» **Exercise prompt**
For the data below, restate word for word only the lines from the line containing "16 Down Creek Rd, Brookneal, VA 24528" through the line containing "Накрыть плёнкой и", both ends included.

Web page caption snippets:

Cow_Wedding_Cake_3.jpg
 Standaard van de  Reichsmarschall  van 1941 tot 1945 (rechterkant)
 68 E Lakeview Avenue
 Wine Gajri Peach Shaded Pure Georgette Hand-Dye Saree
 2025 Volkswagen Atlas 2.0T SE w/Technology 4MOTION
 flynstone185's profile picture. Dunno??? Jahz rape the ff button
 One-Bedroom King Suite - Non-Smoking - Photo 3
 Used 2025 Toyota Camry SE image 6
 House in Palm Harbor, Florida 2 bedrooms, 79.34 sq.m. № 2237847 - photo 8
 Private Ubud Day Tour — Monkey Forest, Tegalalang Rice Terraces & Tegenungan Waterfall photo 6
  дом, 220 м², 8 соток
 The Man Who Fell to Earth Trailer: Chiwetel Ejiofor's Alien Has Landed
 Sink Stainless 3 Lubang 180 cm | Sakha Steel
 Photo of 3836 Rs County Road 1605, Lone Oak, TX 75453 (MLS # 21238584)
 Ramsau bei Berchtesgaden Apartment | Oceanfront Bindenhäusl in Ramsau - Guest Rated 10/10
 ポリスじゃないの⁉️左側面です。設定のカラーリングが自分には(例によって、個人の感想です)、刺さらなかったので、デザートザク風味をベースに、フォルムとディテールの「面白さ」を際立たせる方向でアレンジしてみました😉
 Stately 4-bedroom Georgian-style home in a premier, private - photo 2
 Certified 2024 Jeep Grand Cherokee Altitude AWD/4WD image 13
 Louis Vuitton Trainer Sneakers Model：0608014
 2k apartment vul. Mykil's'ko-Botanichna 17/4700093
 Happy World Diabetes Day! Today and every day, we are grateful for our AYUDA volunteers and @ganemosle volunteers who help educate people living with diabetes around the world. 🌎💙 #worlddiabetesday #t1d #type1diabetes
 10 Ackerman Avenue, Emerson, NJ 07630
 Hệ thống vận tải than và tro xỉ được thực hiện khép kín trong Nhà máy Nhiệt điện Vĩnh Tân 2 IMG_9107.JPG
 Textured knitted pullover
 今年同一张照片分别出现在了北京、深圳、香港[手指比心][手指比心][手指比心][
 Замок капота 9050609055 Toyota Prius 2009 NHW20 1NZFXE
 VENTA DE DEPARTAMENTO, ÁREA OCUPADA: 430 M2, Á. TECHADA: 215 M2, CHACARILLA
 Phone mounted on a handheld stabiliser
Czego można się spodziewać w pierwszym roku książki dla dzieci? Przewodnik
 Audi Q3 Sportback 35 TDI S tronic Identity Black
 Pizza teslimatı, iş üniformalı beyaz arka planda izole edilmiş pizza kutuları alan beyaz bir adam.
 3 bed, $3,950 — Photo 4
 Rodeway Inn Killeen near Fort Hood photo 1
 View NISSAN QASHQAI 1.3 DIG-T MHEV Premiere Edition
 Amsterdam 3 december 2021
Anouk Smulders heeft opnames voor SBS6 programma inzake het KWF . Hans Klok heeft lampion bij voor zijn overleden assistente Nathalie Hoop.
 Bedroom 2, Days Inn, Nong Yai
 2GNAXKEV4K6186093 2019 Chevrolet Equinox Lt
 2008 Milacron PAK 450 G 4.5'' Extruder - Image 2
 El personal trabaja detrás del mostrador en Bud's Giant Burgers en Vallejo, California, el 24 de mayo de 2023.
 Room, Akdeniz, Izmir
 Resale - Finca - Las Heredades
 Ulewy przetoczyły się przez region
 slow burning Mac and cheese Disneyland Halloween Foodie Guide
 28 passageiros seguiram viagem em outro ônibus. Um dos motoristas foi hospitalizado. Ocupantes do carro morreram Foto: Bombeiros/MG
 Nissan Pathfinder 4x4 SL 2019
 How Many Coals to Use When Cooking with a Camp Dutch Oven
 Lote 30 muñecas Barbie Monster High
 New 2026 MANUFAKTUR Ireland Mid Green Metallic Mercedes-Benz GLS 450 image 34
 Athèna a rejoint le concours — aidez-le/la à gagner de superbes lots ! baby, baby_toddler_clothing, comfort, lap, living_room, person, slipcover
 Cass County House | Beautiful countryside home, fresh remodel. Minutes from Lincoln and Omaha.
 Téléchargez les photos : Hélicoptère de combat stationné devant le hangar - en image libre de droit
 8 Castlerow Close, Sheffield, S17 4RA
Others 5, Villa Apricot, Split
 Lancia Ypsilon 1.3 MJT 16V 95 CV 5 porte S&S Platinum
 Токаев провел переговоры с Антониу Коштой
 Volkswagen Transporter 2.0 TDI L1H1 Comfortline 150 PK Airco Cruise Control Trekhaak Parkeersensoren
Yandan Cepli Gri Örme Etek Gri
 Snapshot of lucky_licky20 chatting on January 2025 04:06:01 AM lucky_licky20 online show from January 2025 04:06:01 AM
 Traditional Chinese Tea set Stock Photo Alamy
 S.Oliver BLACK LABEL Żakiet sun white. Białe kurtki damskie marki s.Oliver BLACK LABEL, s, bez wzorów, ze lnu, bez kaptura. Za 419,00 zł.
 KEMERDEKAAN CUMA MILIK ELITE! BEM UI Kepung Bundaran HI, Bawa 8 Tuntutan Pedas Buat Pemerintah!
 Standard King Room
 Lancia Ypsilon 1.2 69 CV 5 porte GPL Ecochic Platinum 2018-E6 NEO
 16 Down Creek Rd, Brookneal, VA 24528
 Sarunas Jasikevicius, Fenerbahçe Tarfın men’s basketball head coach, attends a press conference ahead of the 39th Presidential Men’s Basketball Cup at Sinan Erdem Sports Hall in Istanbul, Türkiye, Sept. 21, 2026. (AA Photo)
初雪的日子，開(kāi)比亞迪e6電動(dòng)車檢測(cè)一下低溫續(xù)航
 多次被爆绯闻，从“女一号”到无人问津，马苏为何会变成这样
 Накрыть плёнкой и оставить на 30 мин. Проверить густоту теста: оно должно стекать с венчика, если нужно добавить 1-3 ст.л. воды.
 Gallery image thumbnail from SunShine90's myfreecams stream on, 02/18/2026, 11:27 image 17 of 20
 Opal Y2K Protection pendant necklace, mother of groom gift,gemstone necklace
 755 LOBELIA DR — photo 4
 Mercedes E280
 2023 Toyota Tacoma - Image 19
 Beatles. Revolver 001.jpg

» **Your response**
 16 Down Creek Rd, Brookneal, VA 24528
 Sarunas Jasikevicius, Fenerbahçe Tarfın men’s basketball head coach, attends a press conference ahead of the 39th Presidential Men’s Basketball Cup at Sinan Erdem Sports Hall in Istanbul, Türkiye, Sept. 21, 2026. (AA Photo)
初雪的日子，開(kāi)比亞迪e6電動(dòng)車檢測(cè)一下低溫續(xù)航
 多次被爆绯闻，从“女一号”到无人问津，马苏为何会变成这样
 Накрыть плёнкой и оставить на 30 мин. Проверить густоту теста: оно должно стекать с венчика, если нужно добавить 1-3 ст.л. воды.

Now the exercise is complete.